*** WORKING DATA ***

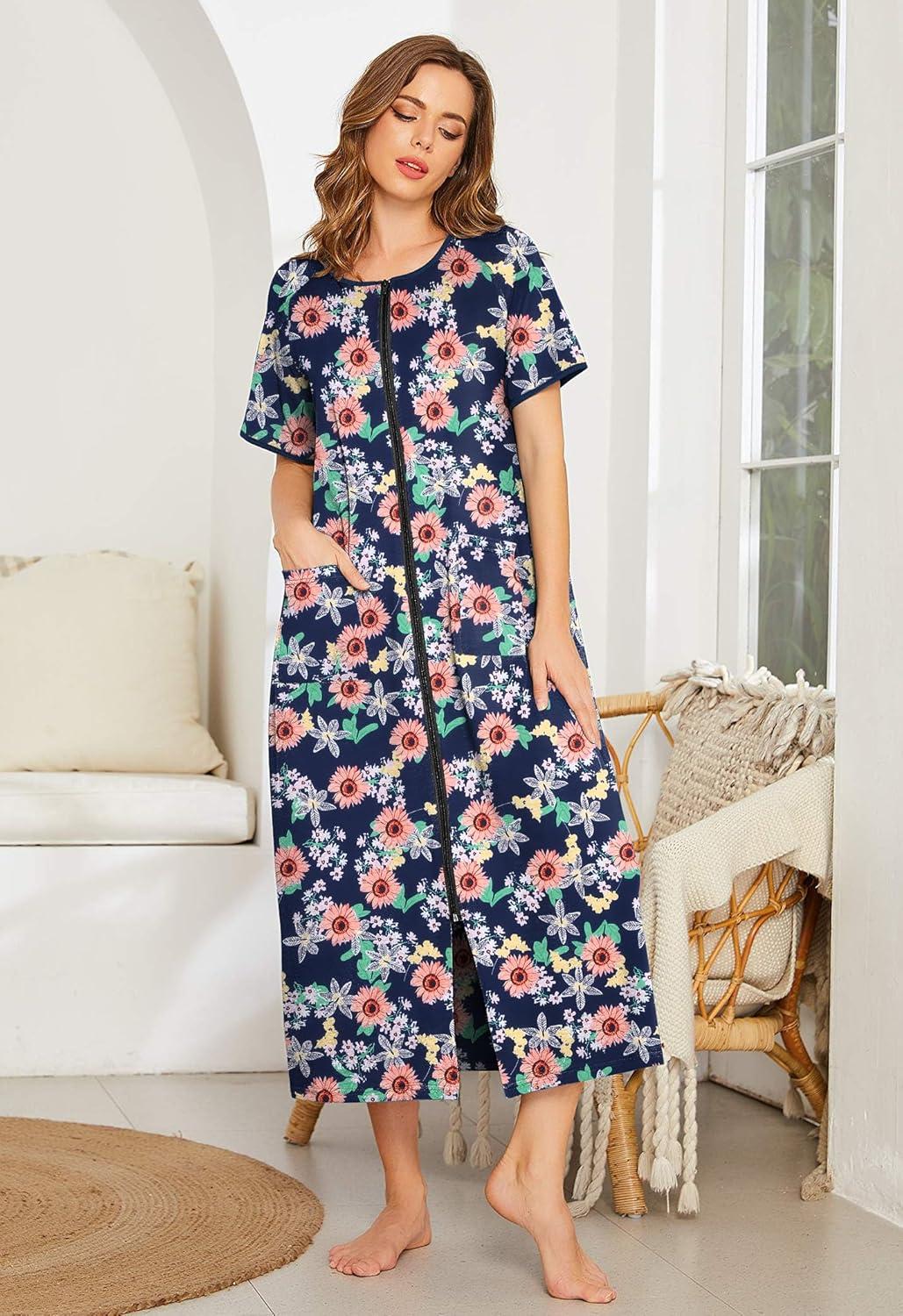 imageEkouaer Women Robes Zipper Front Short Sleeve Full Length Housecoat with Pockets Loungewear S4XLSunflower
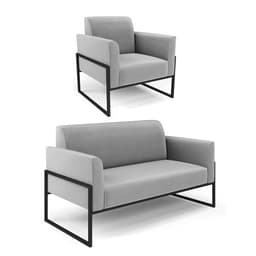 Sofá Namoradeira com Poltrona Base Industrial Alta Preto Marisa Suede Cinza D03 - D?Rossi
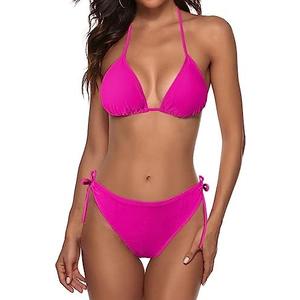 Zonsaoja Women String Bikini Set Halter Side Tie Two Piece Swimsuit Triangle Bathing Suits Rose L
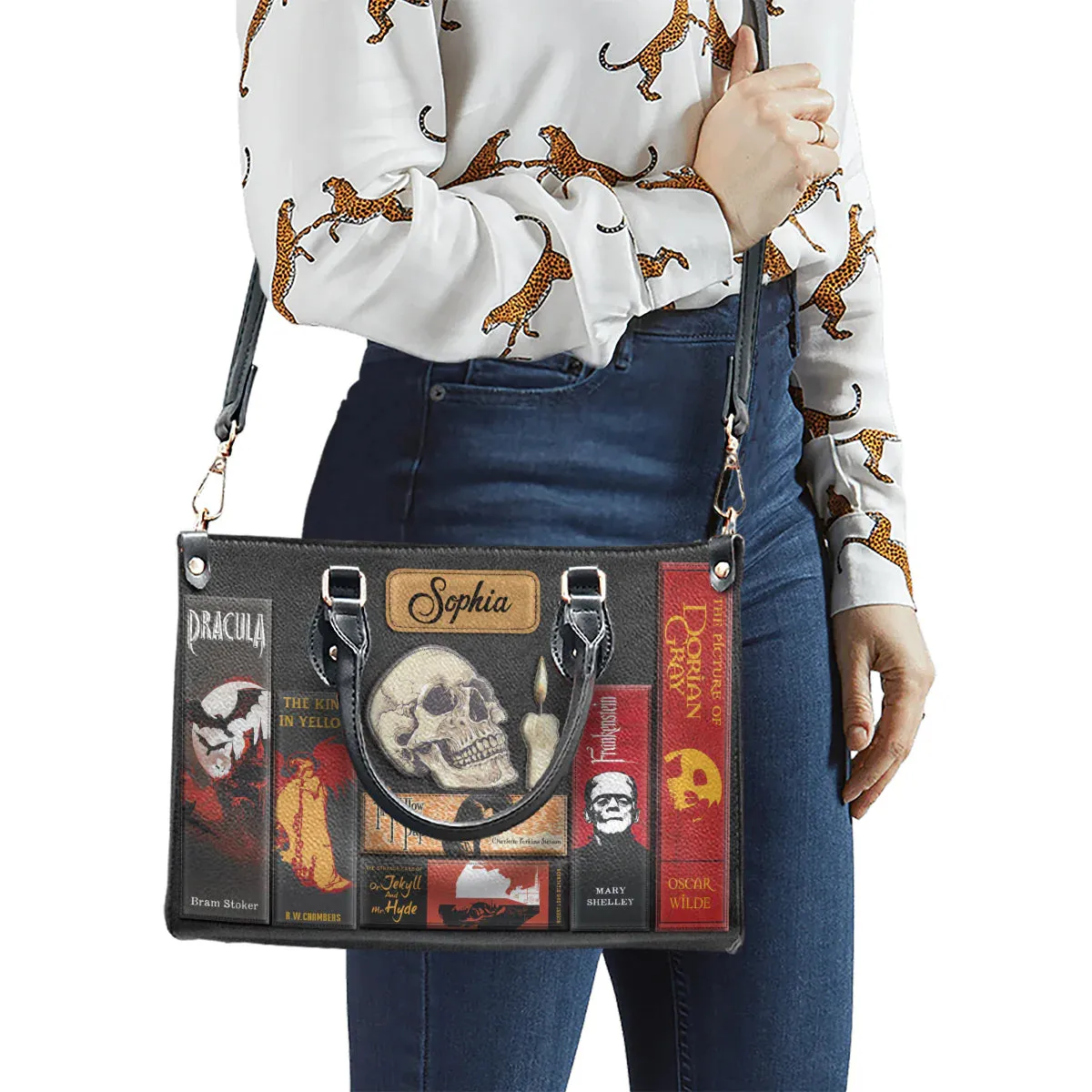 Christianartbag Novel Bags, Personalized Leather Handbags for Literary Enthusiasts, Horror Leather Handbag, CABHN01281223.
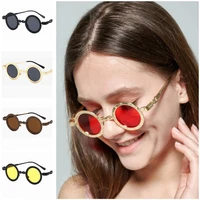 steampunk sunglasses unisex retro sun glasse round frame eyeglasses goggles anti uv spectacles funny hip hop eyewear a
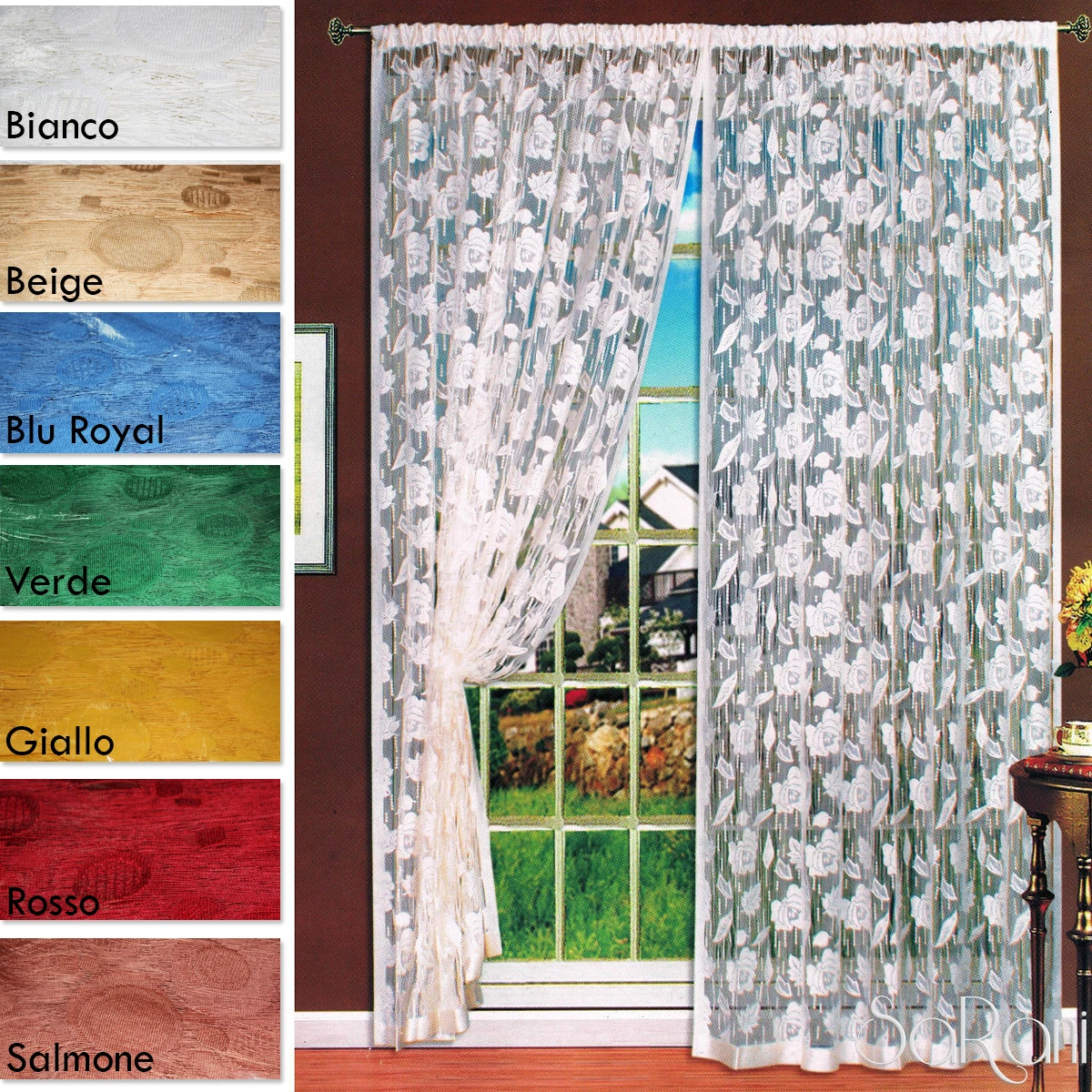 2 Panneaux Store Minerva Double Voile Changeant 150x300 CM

***

* [WHAT YOU ARE ASKED TO DO] Which lines fall between the one containing "Christianartbag Novel Bags, Personalized" and the last line of the listing, both included? Give them again exactly, without the pictures.

* [RESPONSE BOX]
 Christianartbag Novel Bags, Personalized Leather Handbags for Literary Enthusiasts, Horror Leather Handbag, CABHN01281223.
 steampunk sunglasses unisex retro sun glasse round frame eyeglasses goggles anti uv spectacles funny hip hop eyewear a
 2 Panneaux Store Minerva Double Voile Changeant 150x300 CM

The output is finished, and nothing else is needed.